A rich, narrative exploration of the ways love defies, survives, thrives, and dies as lovers contend with US immigration policy.
For mixed-citizenship couples, getting married is the easy part. The US Supreme Court has confirmed the universal civil right to marry, guaranteeing every couple's ability to wed. But the Supreme Court has denied that this right to marriage includes married couples' right to life, liberty, and the pursuit of happiness on US soil, creating a challenge for mixed-citizenship couples whose individual-level rights do not translate to family-level protections. While US citizens can extend legal inclusion to their spouses through family reunification, they must prove their worthiness and the worthiness of their love before their relationship will be officially recognized by the state. In Unauthorized Love, Jane López offers a comprehensive, critical look at US family reunification law and its consequences as experienced by 56 mixed-citizenship American couples. These couples' stories––of integration and alienation, of opportunity and inequality, of hope and despair––make tangible the consequences of current US immigration laws that tend to favor Whiteness, wealth, and heteronormativity, as well as the individual rather than the family unit, in awarding membership and official belonging. In examining the experiences of couples struggling to negotiate intimacy under the constraints of immigration policy, López argues for a rethinking of citizenship as a family affair.
About the author
Jane Lilly López is Assistant Professor of Sociology at Brigham Young University.

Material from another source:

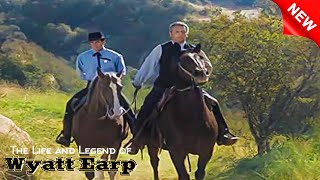 👉Wyatt Earp Full Episode 2023 ✨ S06 E789  Woman of Tucson  Best America Western Movie HD [upl. by Lenz]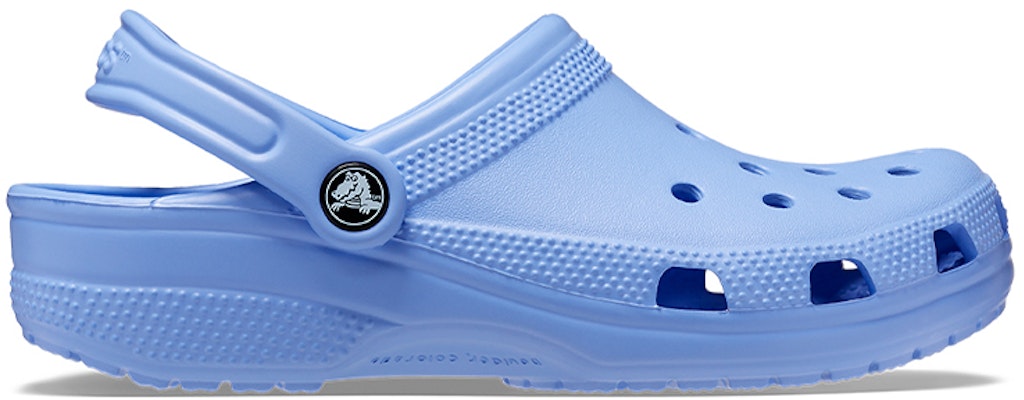 Crocs Classic Clog 'Moon Jelly' 10001-5Q6 Order Crocs Classic Clog 'Moon Jelly' 10001-5Q6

"In the public imaginary, marriage is an easy way to immigrate to the United States and one of the surest and quickest pathways to a green card. This is pure fiction. Through a deeply moving portrayal of (un)authorized love stories, López explains why. From poker game-like strategies for family reunification to the visceral experiences of absence and (dis)integration, López combines analytical clarity with ethnographic insight to illustrate the repercussions of the imagined category of individualized citizenship codified into U.S. immigration law. I have yet to read a book that so deftly—and with such grace—captures the intimate costs of the U.S. immigration system on marital relationships. If this does not convince you of the inequality perpetuated by current immigration policies, I am not sure if anything can."
—Joanna Dreby, author of Everyday Illegal: When Policies Undermine Immigrant Families
"While Americans may believe that love conquers all, this important, beautifully written book shows how our citizenship and immigration laws function to sever married couples, affecting children, extended families, and communities. Grounded in the lives of everyday people, it contributes to our understanding of immigration, gender and the family, and the sociology of law, and points us toward sensible and fair policy changes that could protect these vulnerable families."
—Mary C. Waters, Harvard University
"This remarkable study of mixed-citizen unions exposes the difficult terrain couples encounter in their attempts to earn the right to love and live together. Theoretically compelling, empirically rich, and cogently reasoned, Unauthorized Love sheds important light on the family-level consequences of reunification success, failure, and uncertainty. Powerful and enlightening."
—Roberto G. Gonzales, author of Lives in Limbo
"[López's] study presents compelling life stories of love and family that enrich and complicate understandings of immigration from across the US southern border in an accessible narrative. Recommended."
—E. Hu-DeHart, CHOICE
"Unauthorized Love: Mixed-Citizenship Couples Negotiating Intimacy, Immigration, and the State, a rich, well-argued, and luminous book by Jane Lilly López, shows how U.S. family reunification policy shapes the intimate and social lives of [mixed-citizenship] married couples. One in 13 U.S. couples must navigate a system in which policy-based definitions of legitimate relationships and deserving individuals menace the process of trying to sponsor a spouse."
—Stephen P. Ruszczyk, American Journal of Sociology
"The book's primary contributions to the sociological study of mixed-status families is two-fold. First, López illustrates the class dimensions of family reunification.... Second, López shows that although the immigration system ostensibly punishes individuals for individual immigration status violations, the repercussions of these punishments reverberate through an immigrant's family and broader social networks—regardless of citizenship status.... The notion that a whole family becomes unauthorized with the rejection of a noncitizen spouse is a powerful way to elucidate the shortcomings of citizenship as an individual status."